Reflecting on the sporadic development of religious liberty in our colonial period, colonial historian Perry Millar admits that our success in finally establishing it was somewhat accidental.

To put it baldly, ... we didn't aspire to freedom, we didn't march steadily toward it, we didn't unfold the inevitable propulsion of our hidden nature: we stumbled into it. We got a variety of sects as we got a college catalogue: the denominations and the sciences multiplied until there was nothing anybody could do about them. Wherefore we gave them permission to exist, and called the result freedom of the mind. Then we found, to our vast delight, that by thus negatively surrendering we could congratulate ourselves on a positive and heroic victory. So we stuck the feather in our cap and called it Yankee Doodle.

In large measure he is right. Religious liberty evolved as much by cultural necessity as by thoughtful argument. On the other hand, the misbegotten and ultimately futile attempts by local religious establishments to protect religion and forestall the establishment of religious liberty make Roger Williams's early experiment in tolerance and religious freedom all the more remarkable.
Roger Williams was doing a new thing in Rhode Island, a thing much more in the spirit of the scriptures than could possibly be enforced by law. It was not out of religious indifference that he favored toleration. According to his reading of the scriptures, free association and expression were essential conditions for true religious conviction. For the truth to be embraced, it must never be coerced. In Williams's view, the government is not established to enforce religion but "for the preservation of mankind in civil order and peace. The world otherwise would be like the sea, wherein men, like fishes, would hunt and devour each other, and the greater devour the less."
Roger Williams rested his defense of religious liberty on three principles: (i) All forms of religious persecution are irreligious; (2) enforced religious conformity strips belief of conviction and endangers the commonweal; and (3) both institutionally and morally, church and state are protected and thrive only when fully independent from one another. These three points constitute the framework for the liberal religious synthesis concerning church and state in America.
First, regardless of how noble the cause, any act of religious persecution countermands the teachings of Jesus. Not only is God capable of taking care of himself but any "ends justify the means" effort to impose religious teachings, however true those teachings may be, undermines the gospel.
Williams's graphic term for religious persecution was "rape of the soul." When people are forced to believe what they do not, the conscience is ravished and Christ's message is violated. Citing the parable of the wheat and the tares in Matthew 13, Williams insisted that the tares (ingenerate Christians or infidels) not be molested; this would only jeopardize the wheat growing in their midst. On Judgment Day, God would separate the two, harvesting the wheat and burning the tares. Before this harvest, any human attempt to divide wheat from tares would surely prove premature, haphazard, and self-defeating.
Second, since salvation cannot be coerced, each individual must be permitted the full latitude of his or her conscience in all private matters, especially with respect to religion.
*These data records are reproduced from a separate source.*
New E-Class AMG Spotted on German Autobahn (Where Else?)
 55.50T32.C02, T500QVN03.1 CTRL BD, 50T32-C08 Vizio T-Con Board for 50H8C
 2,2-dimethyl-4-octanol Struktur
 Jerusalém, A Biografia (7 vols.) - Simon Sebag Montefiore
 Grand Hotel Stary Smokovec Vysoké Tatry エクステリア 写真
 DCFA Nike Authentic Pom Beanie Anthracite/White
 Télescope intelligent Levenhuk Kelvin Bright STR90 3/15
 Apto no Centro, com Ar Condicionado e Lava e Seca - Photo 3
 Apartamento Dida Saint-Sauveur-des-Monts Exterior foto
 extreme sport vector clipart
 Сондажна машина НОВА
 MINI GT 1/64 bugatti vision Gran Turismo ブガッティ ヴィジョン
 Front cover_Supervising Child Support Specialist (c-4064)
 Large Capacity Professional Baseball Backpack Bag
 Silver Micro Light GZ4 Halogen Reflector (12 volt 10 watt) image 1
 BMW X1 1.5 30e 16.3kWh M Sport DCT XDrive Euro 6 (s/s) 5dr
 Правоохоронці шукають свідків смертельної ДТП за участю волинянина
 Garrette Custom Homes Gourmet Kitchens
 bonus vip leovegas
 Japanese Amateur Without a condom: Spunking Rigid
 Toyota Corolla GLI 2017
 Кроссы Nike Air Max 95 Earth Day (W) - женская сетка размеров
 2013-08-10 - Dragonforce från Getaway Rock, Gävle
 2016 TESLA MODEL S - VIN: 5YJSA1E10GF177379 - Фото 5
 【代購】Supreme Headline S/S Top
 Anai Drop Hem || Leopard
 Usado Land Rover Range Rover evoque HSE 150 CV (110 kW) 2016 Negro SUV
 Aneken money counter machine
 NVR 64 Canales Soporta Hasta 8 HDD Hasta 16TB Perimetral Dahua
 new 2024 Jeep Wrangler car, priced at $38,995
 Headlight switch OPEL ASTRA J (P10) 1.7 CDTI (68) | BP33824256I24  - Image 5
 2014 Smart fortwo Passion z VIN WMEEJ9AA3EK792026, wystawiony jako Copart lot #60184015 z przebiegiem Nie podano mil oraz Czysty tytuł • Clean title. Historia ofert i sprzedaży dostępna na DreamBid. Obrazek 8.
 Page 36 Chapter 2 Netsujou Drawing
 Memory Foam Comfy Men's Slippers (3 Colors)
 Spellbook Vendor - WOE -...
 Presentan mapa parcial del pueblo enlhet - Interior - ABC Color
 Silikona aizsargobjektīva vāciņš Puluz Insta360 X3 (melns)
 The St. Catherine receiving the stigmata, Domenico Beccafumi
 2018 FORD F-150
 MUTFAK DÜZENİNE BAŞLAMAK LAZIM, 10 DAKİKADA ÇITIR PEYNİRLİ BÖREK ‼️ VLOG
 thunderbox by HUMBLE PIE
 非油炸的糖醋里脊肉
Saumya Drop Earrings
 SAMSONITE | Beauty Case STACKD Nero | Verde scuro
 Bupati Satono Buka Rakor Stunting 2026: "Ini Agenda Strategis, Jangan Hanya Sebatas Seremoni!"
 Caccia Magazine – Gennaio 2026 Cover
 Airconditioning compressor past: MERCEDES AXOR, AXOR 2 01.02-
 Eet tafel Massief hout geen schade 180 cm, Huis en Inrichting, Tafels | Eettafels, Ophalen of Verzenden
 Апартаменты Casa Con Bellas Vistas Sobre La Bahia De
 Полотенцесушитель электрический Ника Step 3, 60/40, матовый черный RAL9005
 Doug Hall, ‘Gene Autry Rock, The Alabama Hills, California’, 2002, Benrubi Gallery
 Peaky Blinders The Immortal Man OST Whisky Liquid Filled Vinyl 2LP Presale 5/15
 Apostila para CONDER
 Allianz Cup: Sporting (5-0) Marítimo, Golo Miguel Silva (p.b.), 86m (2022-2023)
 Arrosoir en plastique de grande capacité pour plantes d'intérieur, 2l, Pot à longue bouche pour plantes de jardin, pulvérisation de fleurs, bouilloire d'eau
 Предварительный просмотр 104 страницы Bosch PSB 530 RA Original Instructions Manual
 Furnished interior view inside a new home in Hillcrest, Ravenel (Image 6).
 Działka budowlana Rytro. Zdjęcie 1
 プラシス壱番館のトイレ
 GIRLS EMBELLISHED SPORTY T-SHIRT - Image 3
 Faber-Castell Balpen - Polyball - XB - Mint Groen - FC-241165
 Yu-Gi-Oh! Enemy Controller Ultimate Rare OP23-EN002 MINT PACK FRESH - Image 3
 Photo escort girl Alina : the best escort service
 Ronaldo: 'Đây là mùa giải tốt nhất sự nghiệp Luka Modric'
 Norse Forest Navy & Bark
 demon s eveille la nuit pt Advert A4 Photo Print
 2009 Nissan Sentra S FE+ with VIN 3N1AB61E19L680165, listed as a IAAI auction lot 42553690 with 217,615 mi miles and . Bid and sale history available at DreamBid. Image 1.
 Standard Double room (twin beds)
Williams offered two reasons for this, one positive and one negative: (1) Religion cannot be authentic without liberty; and (2) those who enforce their own beliefs on another may be wrong. When possessed by falsehood, those prosecuting the truth become persecutors of the truth, crucifiers in Christ's name. Williams's insistence on liberty of conscience, with its corollary, tolerance toward those with unpopular opinions, is the keystone for all subsequent legislation protecting minority rights, whether religious, social, or political. In Williams's view, the civil authorities must "provide in their high wisdom for the security of all the respective meetings, assemblings, worshippings, preaching, disputings, etc . . . [so] that civil peace and the beauty of civility and humanity [may] be maintained among the chief opposers and dissenters."
This proposition undergirds Williams's third argument in favor of religious liberty: It is in the best interest of both church and state for the two to remain independent. To begin with, he could find no warrant in scripture for any such collusion.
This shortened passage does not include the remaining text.